– Святой Престол и без нас прекрасно справляется, – не стал отпираться каторианец. – Успокойся, у них к тебе вопросов нет, даже после вчерашнего. Вопросы есть у меня.
Арчибальд извлек из инвентаря круглую глиняную пластину и положил на стол перед Бабой Марфой. Бедной ведьме совсем стало плохо – сквозь старческие пигментные пятна на коже проступила мертвенная бледность. Она сцепила костлявые руки в молитвенном жесте и, силясь что-то сказать, беззвучно открывала рот. Это было похоже на припадок.
– Правом основателя я приказываю отвечать правду, – произнес Арчибальд. Баба Марфа сипло подтвердила:
– Спрашивай, Первый! Я признаю твое право во всем.
– Что ты вчера делала?
– Неродившееся дитя убила. Весь грех мать на себя взяла, поэтому я чиста перед законом. Будет сама каяться перед дитем в Чистилище. Мать – девка незрелая совсем, понесла от насильника. Просила лишить дитя, пока никто не узнал. Это все. В остальном я работаю по закону.
– Ты как надо сожгла эмбрион? Не взяла из него ни крови? Ни кусочка сердца? Ни пряди волос?
Арчибальд так уверенно перечислял детали, словно сам не раз участвовал в подобном. Выглядел он сильно разозленным. Баба Марфа потупила взгляд и нехотя выдавила:
– Все взяла. И кровь, и сердце. Даже ногти вырвала. Потому Инквизицию и ждала.
– Все, что взяла, – уничтожишь. Что использовала, расскажешь куда. Теперь расскажи о сыне. Все расскажи.
Баба Марфа всхлипнула, и по ее щекам потекли слезы. Она бы и рада была о чем-нибудь умолчать, да возможности ей никто не давал. Каторианец крепко связал ведьму, раз перечить или ослушаться она не имела желания.
– Слабый он был, хилый да болезненный. Родился без крику. Сразу поняла, что не жилец, в наказание мне за грехи тяжкие. Не ждала я, что понести смогу почти в шестьдесят. До этого не было у меня детей. Бог не давал. Решила, что все равно праведницей в раю не кататься, не могла я его потерять.
– Скольких в расход пустила? – уточнил Арчибальд.
– Полторы тысячи. Специально ездила на войну. У нас всегда где-то воюют, там и нашла доноров. В Москве я не бесчинствовала. Провела ритуал, подарила сыну и жизнь, и здоровье.

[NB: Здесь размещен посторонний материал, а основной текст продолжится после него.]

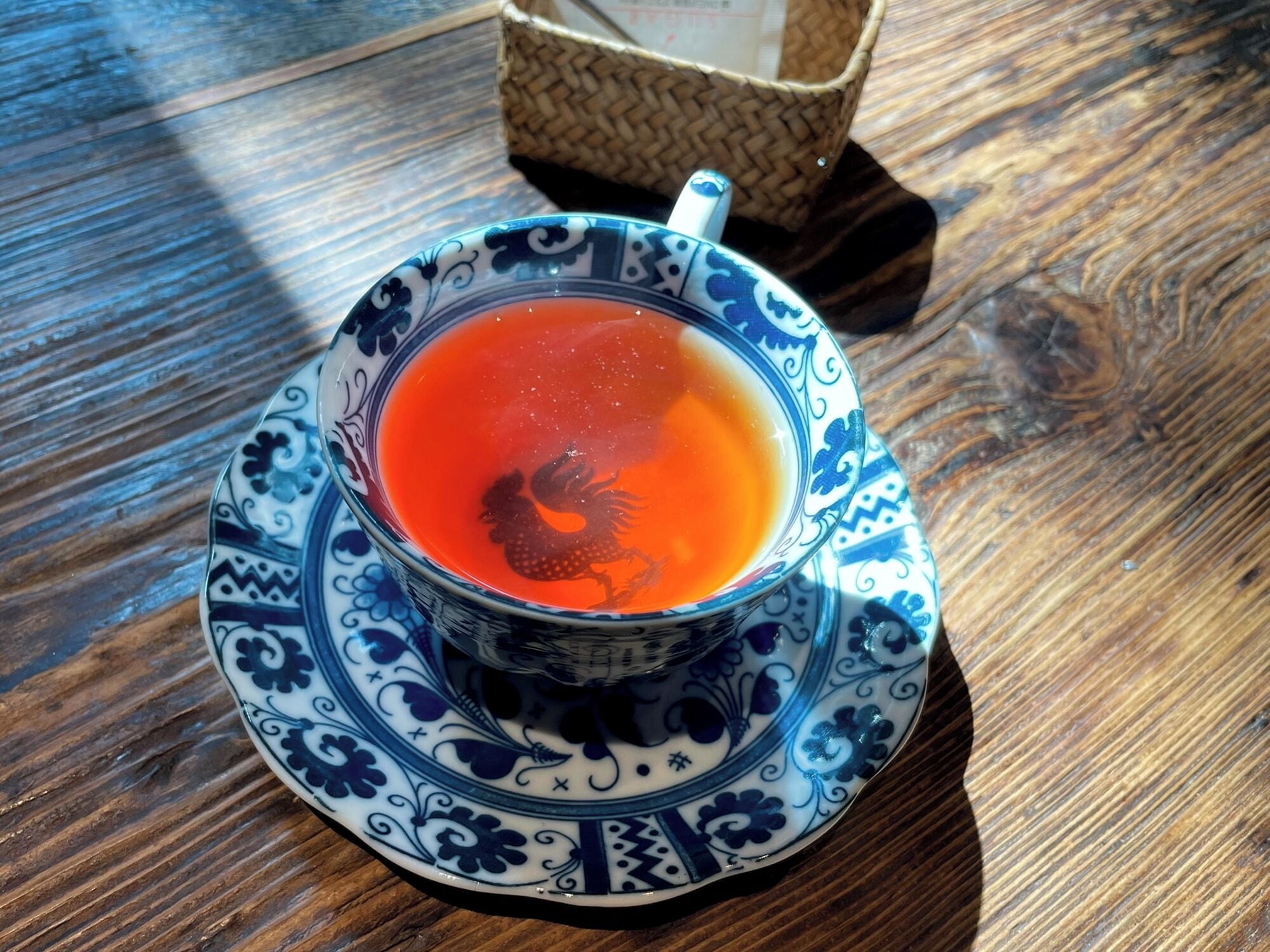 A cup of tea on a patterned saucer and plate, placed on a wooden table.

Про то, что сделала, не жалею!
– Почему он сны видит? – не унимался каторианец.
– Зелье я ему варю, чтоб по работе помочь. Рецепт еще бабка моя вывела – третий глаз открывает. Без зелья-то не будут держать его в полиции. А так он разбой да убийства видит раньше, чем те свершатся. Все видит: кто убил, чем, куда оружие выкинул или краденое спрятал. Такая помощь Богу угодна!
– Кто такой двуликий?
– Это тебе лучше знать, Первый. – Старуха оторвала от сцепленных рук взгляд и удивленно посмотрела на Арчибальда, не ожидая такого вопроса.

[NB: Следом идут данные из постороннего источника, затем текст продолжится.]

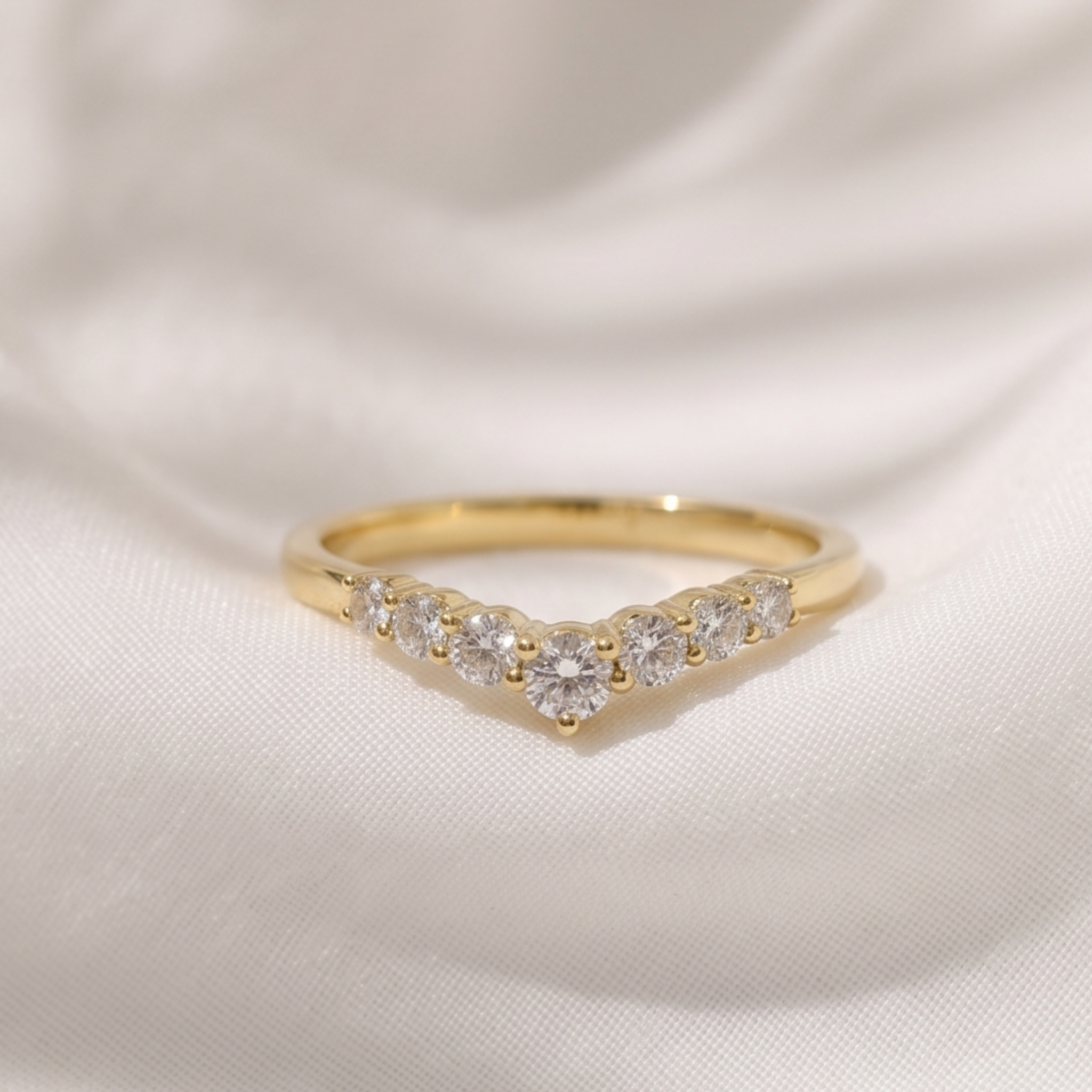 0.53 CT graduated round diamond curved wedding band in yellow gold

– Кто устраивает жертвоприношения в Москве? – наставник попробовал зайти с другого бока.
– Говорю – не по Сеньке шапку меришь. Моих сил не хватит, чтоб увидеть. Чую только, когда он злодейства свои творит. Все живое в округе ту боль чувствует, зверь скулит, деревья лишний раз не шелохнутся. У меня и в первый раз звонари в голове бушевали, а в последний так и вовсе про грех подумала, только чтоб не чуять их страданий. Совсем извел мучеников, проклятый! Простой душегуб такого не сделает.